With a grave expression, Louis reached to the pilfered Geiger counter and pulled the tigger. It chirped immediately. Louis frowned. “What's it read?” Clarke asked, worried. “100 microsieverts,” B replied, consulting the chart that came with it, “The same dose as a chest x-ray, except this is continuous.”
Clarke pulled on to the shoulder, dazed, “Well... what do we do? We're still miles away from downtown. Everyone we know is further in...”
“We have to turn around.” It was hard to see Louis acting so seriously. He was usually goofy, “Salt Lake was obviously hit. Anyone at the center is gone, and anyone much closer than we are is going to be seriously irradiated.” They both knew they had to abandon the people and places they loved. To do otherwise was suicide, but it was still a heavy decision. They would never get a chance to say goodbye.
In a grim mood, Clarke got onto the opposite lane, and started heading away. “We passed a Wal-Mart a couple miles back.” The ash fell steadily and the skies, so bright only a few hours ago, were darkening to a black hellishly lit by fires below. The Wal-Mart in question was nearly surrounded by burning buildings, while somehow not catching itself. A trick of the wind, perhaps.
They would survive. Everything they knew was gone, and the future, well... they couldn't think too far ahead. Despair hung around their necks, longing, loss, and uncertainty. The Wal-Mart paking lot was deserted. Apparenly when the world ends people don't go shopping.


Chapter 3


Clarke, Louis, and about ten employees made up the entire population of Wal-Mart refugees. Everyone appreciated the potential value in a solar-powered car, so the first order of business was to get the car indoors. It was just a little too big to fit through the garden center doors, so the side mirrors had to be removed. The battery was disconnected and the interior side panels were removed. The speaker grill covers were take off, along with the speakers, to expose the nuts holding the mirrors on. The car was rolled inside. The doors were locked and barricaded to withstand the strangely strong winds blowing outdoors
Outside it grew even darker, and there was no power indoors. A desperate lot, the refugees were quick to follow any leader. The manager of the store, Raul, knew what to do, “Don't worry, I've had a plan for this kind of thing since I started here pushing shopping carts in.” They gathered flashlights and batteries so they could see what they were doing, then Raul directed them to use the camping stoves and salt to start curing all of the meat. They did this while scarfing ice cream. The frozen stuff had to be dealt with now, because the freezers had no power.

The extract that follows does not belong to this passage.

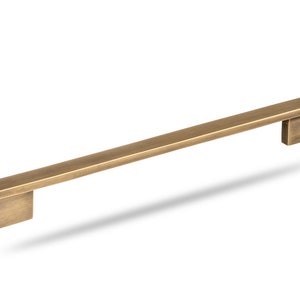 May include: A brushed brass cabinet pull with square ends. The pull is approximately 12 inches long.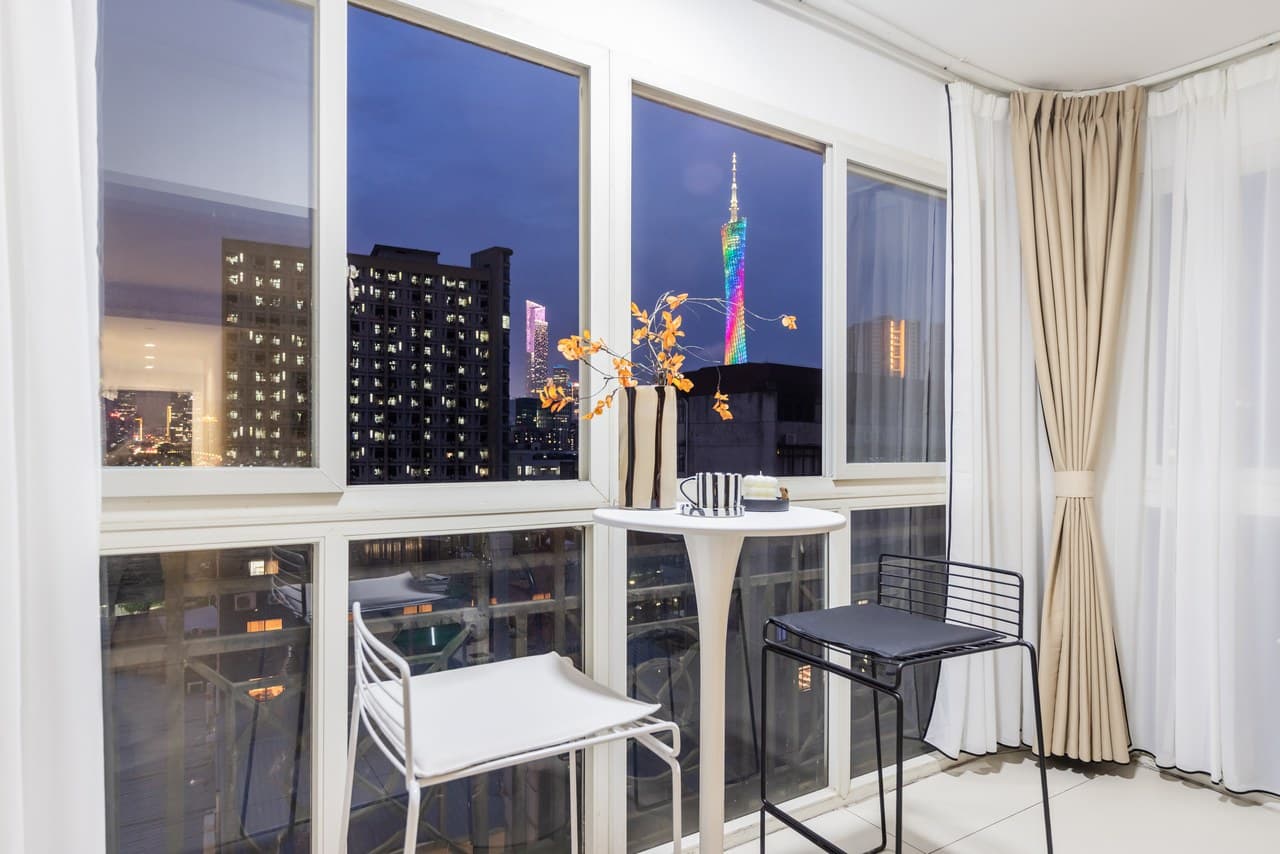 Panoramic floor-to-ceiling windows offer stunning views of the Canton Tower at night.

“See,” Raul explained, “Anyone that's seen Dawn of the Dead, or played Left 4 Dead, or knows anything about zombies, has a plan in case the shit hit the fan.” A single, middle-aged man with no family, Raul had little reason to mourn, and, in fact, saw the apocalypse as a bit of excitement far beyond the usual Wal-Mart fare.

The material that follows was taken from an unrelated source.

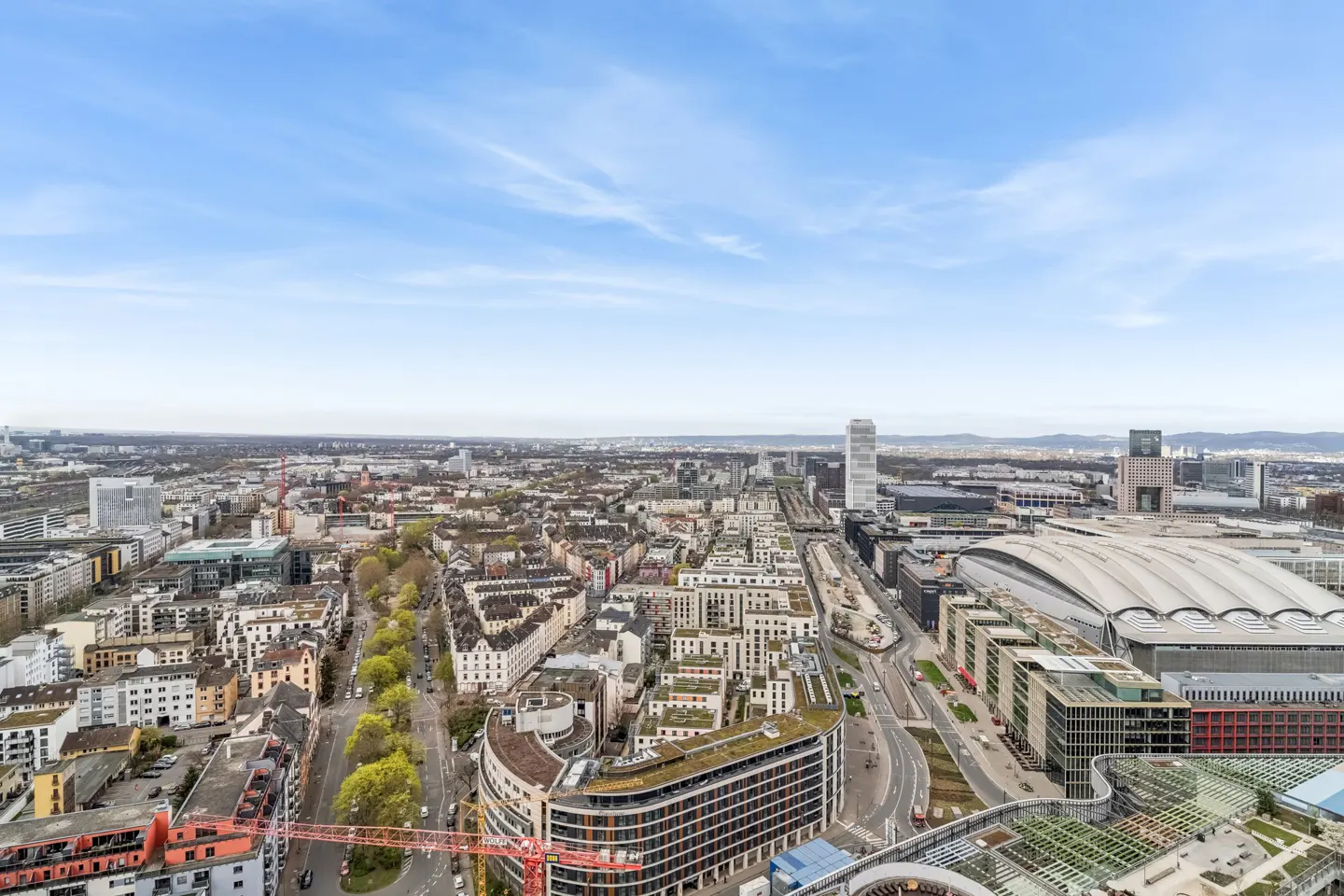 Cityscape view with buildings, roads, and a blue sky. A large convention center with a curved roof is visible.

“I totally had a plan for zombies!” Louis piped in, while he and a few others used tools to dig a well in the floor of the stock room. “I was going to go to one of those shrines with the eternal flame, 'cause, you know, zombies are really flammable. Then I was going to eat beans all day and easily eliminate any zombie that wandered in.”
“Can zombies enter a shrine?” asked Clarke. “That's holy ground, even if you were proudly flatulent.”

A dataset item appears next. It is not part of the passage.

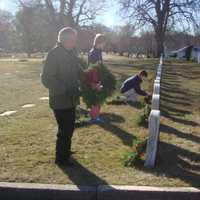 <p>Darien volunteers lay wreaths and pause to reflect during the Wreaths Across America ceremony.</p>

“They're ZOMBIES, not vampires,” Louis chided, rolling his eyes. After a few days, the fires had mostly stopped burning, but the sky was completely black. Anyone passing in a vehicle might now even see the store with the raging winds blowing ash all over. The only way to tell time was by clock and calendar. Air temperatures began to fall. Nuclear winter was setting in.
Some of the refugees drank heavily, and for good reason. Raul tried his best to keep everyone occupied. Everyone worked together to dump bags of dirt onto the floor of the garden center and spread seeds. Three was no sun now, but someday there would be, and the glass ceiling there would make a perfect greenhouse. They had a few bonfires in the garden center using wooden palettes. They cooked and drank and drank and sang along to the iPod in the car until the batteries in the trunk had drained.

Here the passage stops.